__DATASET ENTRIES__:
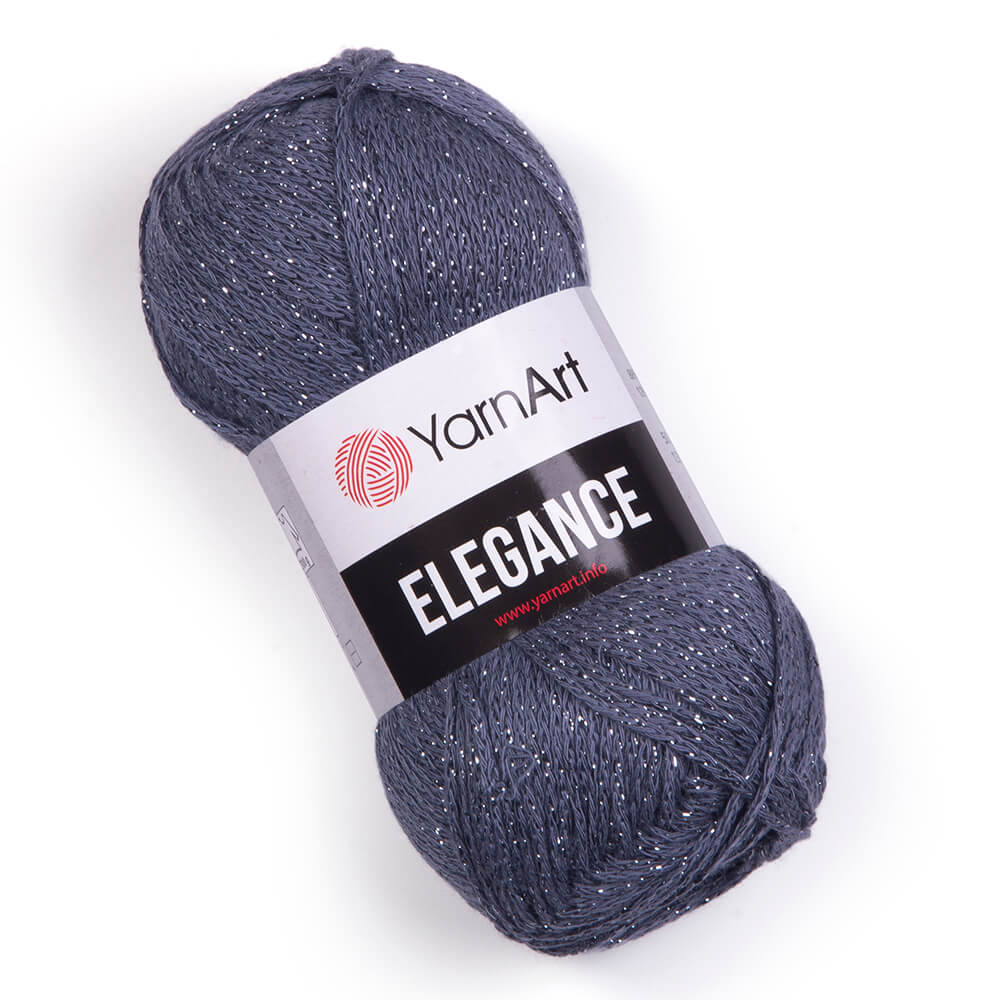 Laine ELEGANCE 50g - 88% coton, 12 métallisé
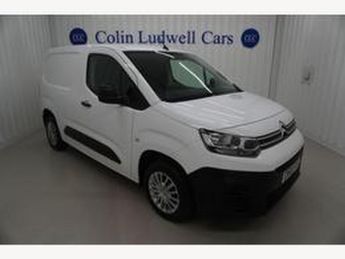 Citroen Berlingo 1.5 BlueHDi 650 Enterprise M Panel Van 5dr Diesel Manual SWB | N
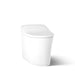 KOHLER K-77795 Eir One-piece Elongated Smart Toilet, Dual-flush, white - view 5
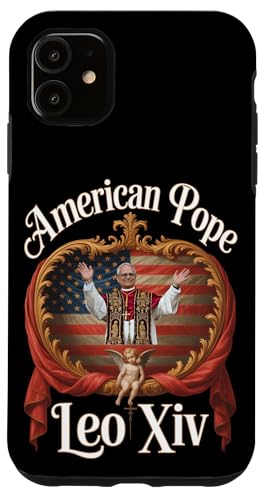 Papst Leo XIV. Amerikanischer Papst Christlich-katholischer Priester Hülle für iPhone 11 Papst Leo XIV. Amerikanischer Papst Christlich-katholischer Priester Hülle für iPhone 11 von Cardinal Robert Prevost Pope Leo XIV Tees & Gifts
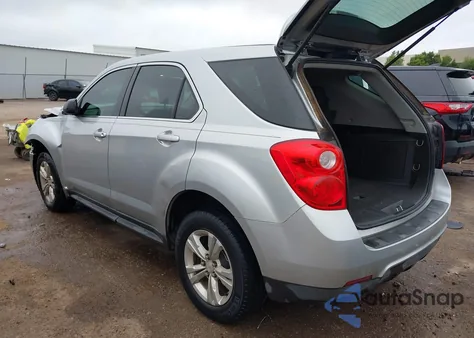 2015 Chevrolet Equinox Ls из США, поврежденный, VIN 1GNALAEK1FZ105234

==

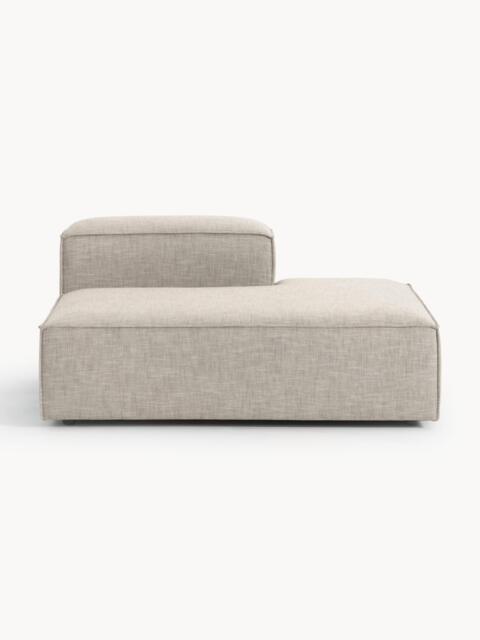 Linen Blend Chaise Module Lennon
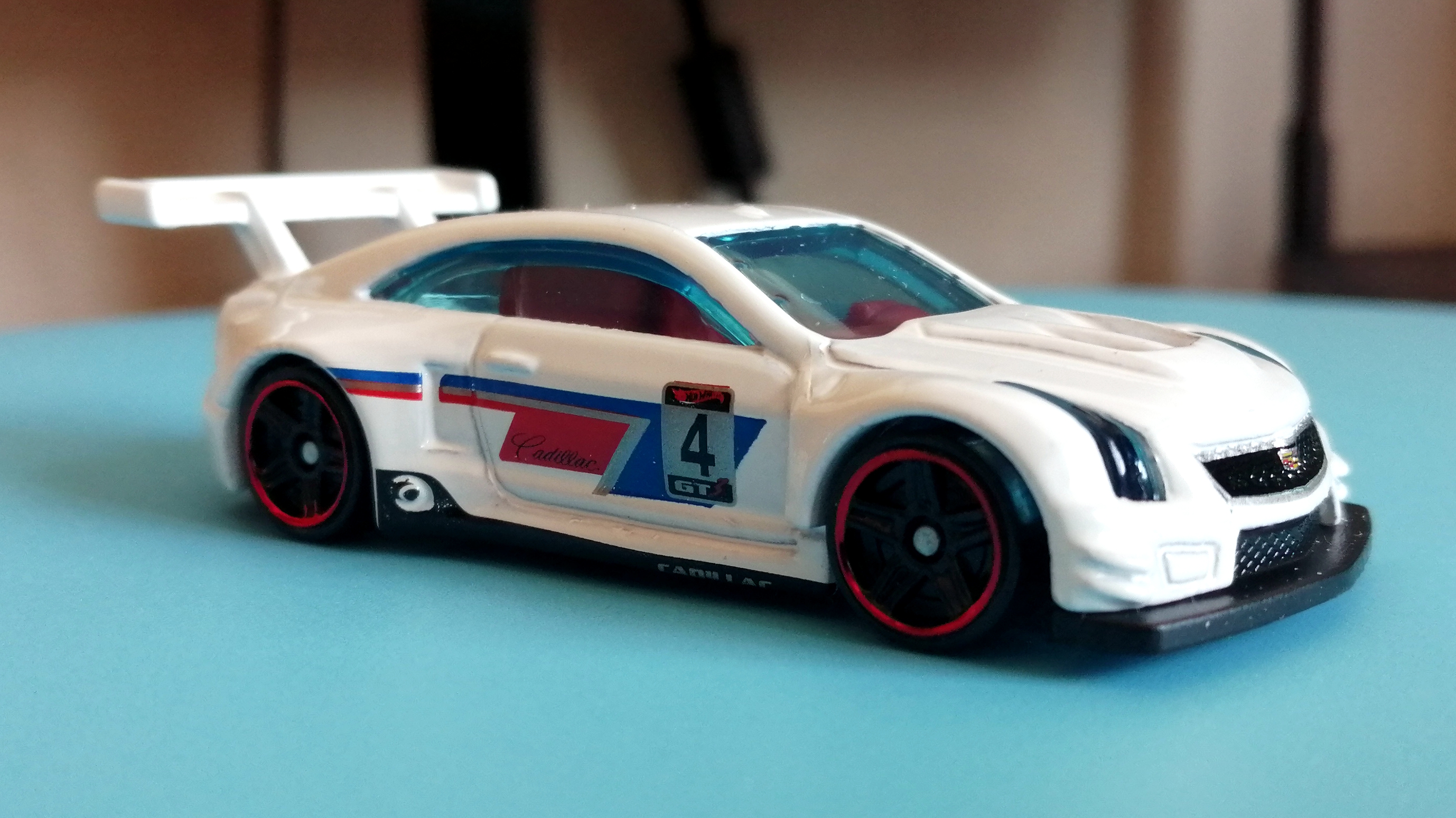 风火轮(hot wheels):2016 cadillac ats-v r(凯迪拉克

__TASK DETAILS__: In the data above, start at the line holding "Linen Blend Chaise Module Lennon" and stop after the line holding "风火轮(hot wheels):2016 cadillac ats-v r(凯迪拉克"; write out those lines exactly, without pictures.

__OUTPUT OF THE EXERCISE__:
 Linen Blend Chaise Module Lennon
 风火轮(hot wheels):2016 cadillac ats-v r(凯迪拉克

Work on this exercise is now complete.